GO and KEGG enrichment analyses were implemented to extract the potential function of DEIs. In pigs, differentially expressed genes between fast and slow muscle were relevant to myofibril and contractile fiber GO terms. In the current study, DEIs were most significantly enriched in contractile fiber (GO:0043292) and myofibril (GO:0030016) GO terms. Our results provide further evidence for a relationship between muscle fiber type transformation, meat tenderness and DEIs. For the KEGG pathway enrichment analysis, a previous study suggested that a gene in the calcium signaling pathway (ko04020) is related to stiffness and affects the speed of fiber degradation during the meat aging process [49]. In the current study, 23 DEIs were significantly enriched in calcium signaling pathways, indicating their potential role in the meat aging process.

4.3. CTCF Might Regulate Alternative Splicing in Sheep Muscle

In the current study, CTCF ChIP-seq was implanted to investigate its potential role in regulating alternative splicing in sheep muscle with divergent meat tenderness.
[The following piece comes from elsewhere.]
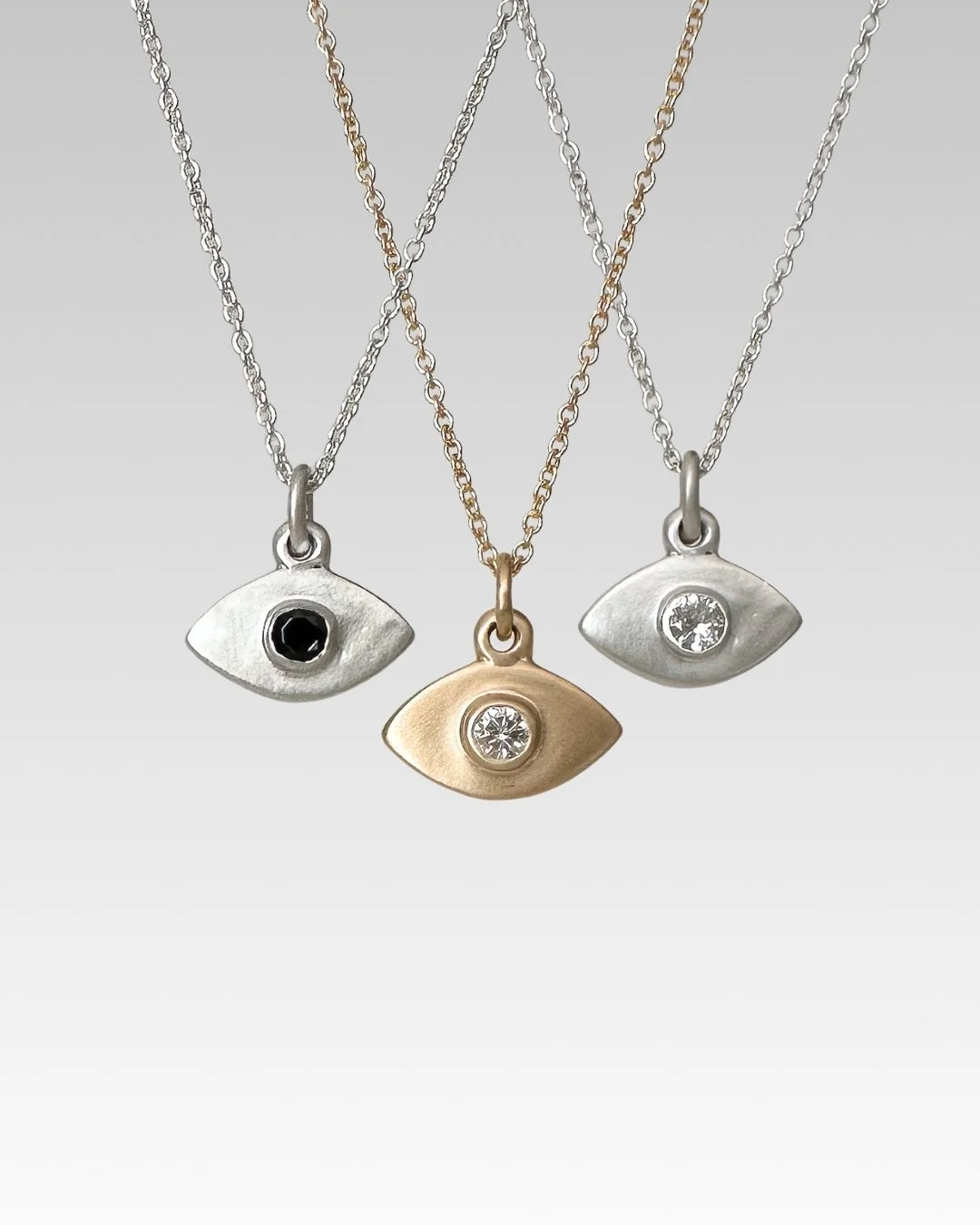 14K and Silver Evil Eye Pendants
The main function of alternative splicing processes are to diversify isoforms [50]. In recent years, CTCF has been identified as a modulator of the alternative splicing process [17]. In this study, 86 overlapped genes were found between genes transcribing DEIs and genes in CTCF peaks, and the number of overlapped genes was too great to be accidental (Figure 7). These results suggest that CTCF may regulate alternative splicing in sheep muscle.
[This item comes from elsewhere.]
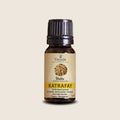 Katrafay Essential Oil from Madagascar | Vaniala – essential oil bottle on beige background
The CTCF-regulated alternative splicing mechanism can be divided into co-transcriptional, genomic and epigenetic mechanisms [17]. Here, our study example suggests that CTCF may regulate alternative splicing through the CTCF-mediated DNA methylation process in sheep muscle. In the current study, two DEIs, 3.1299.2 and 26.152.10, were transcribed from ANKRD23 (Table S4). In a cattle study, the ANKRD23-202 mRNA isoform, which is a splice form of the ANKRD, was defined as a DEI between the tough group and the tender group [49]. The result of a rabbit study suggested that ANKRD23 methylated in promoter and gene body regions is associated with exon skipping alternative splicing in the skeletal muscle [51]. Previous results suggest that CTCF could regulate alternative splicing by controlling DNA methylation [52,53,54]. In the current study, a CTCF peak was observed in ANKRD23 (Table S8). Taken together, CTCF may regulate ANKRD23 to produce different isoforms mediated by methylation.
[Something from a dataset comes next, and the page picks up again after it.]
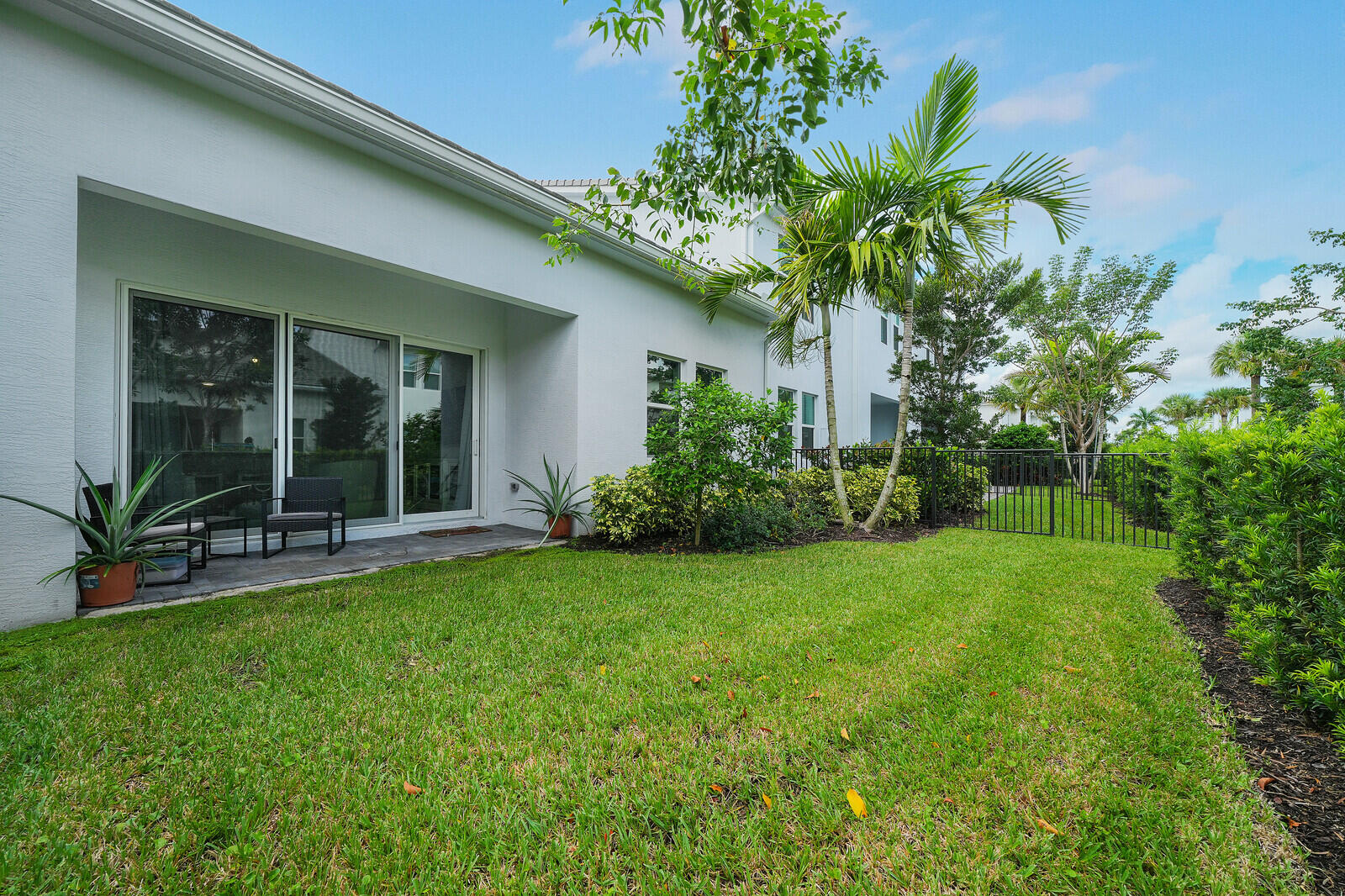 Rear exterior featuring a covered stone patio, sliding glass doors, manicured lawn, metal perimeter fencing, and mature palm landscaping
As the first analysis of lamb meat tenderness based on the study of novel isoforms and alternative splicing regulation pathways, our study has its limitations. In our study, the sample size was relatively small, which may reduce the power to detect DEIs. In addition, tenderness is a parameter linked to DNA, exposition, individual characteristics, and a multitude of other factors that genetics cannot fully explain. Thus, in the future, we should increase sample size and consider more factors to investigate lamb meat tenderness. Nevertheless, our results provide the first insights about lamb meat tenderness based on the study of novel isoforms and alternative splicing regulation.

5. Conclusions

In this study, a total of 624 DEIs were identified between DDH and DHH. For example, isoform 7.524.18 transcribed from CAPN3 may be associated with meat tenderness. In addition, a total of 86 overlapped genes were found between genes with transcribed DEIs and genes in differential peaks identified by CTCF ChIP-seq. Among overlapped genes, ANKRD23 produces different isoforms that may be regulated by CTCF mediated by methylation. As preliminary research, our results identified novel isoforms associated with meat tenderness and revealed the possible regulating mechanism of alternative splicing to produce isoforms using bioinformatic analysis. In the future, more samples should be collected and more molecular experiments, e.g., TA clone, ChIP-qPCR, etc., should be implemented to improve these preliminary results.